As explained in this well-researched and remarkably readable book, milk today often is seen as one of nature’s most perfect foods, and yet this reputation has been earned, in large part, by gobs of science and technology placed between cows and consumers. Moreover, many of the new technologies that produced wholesome milk and milk products, and that brought them to market, had a corresponding impact on farms and farm families across the country. To flesh out her story, Kendra Smith-Howard uses the private voices of farm families who made the often difficult decisions [End Page 1007] regarding these innovations, as well as the more public voices of scientists and bureaucrats.

Smith-Howard begins in the Progressive Era when breast-feeding was falling out of favor, and the link between the high rate of infant morbidity and mortality and the tainted cows’ milk available to increasingly urbanized Americans was becoming ever more apparent. Solutions to these problems would come through testing milk samples, licensing dairies, testing cows for bovine tuberculosis, and enforcing regulations regarding pasteurization.

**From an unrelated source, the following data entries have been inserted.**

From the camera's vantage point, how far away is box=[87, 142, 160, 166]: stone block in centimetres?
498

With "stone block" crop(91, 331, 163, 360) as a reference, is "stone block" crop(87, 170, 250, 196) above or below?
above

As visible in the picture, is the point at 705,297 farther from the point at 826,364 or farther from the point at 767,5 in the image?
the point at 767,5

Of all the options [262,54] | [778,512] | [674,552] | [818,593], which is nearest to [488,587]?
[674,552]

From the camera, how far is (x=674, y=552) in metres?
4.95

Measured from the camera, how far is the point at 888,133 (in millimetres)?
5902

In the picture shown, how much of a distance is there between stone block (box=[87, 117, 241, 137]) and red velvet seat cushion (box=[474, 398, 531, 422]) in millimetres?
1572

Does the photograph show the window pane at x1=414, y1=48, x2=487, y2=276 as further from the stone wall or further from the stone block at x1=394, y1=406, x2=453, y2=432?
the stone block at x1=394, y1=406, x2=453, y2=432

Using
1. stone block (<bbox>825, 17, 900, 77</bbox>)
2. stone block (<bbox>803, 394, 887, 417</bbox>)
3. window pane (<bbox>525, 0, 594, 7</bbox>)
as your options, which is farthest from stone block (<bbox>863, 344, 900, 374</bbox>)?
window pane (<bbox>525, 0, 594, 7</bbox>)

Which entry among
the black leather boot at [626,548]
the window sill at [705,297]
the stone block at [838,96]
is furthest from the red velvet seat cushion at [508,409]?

Chapter 2 focuses on the interwar period when the production of butter moved from farms to factories. Improved transportation systems facilitated this first transformation, as did the new hand-cranked centrifugal separators adopted by farm families who paid close attention to their balance sheet. These technologies also could exacerbate the problems of purity, however, as separators were a bear to clean, and as better roads and trucks let creameries gather their raw materials from ever farther afield. This same period saw the rise of self-service grocery stores, packages designed to distinguish one brand of butter from another, and increased competition from vitamin-fortified margarine.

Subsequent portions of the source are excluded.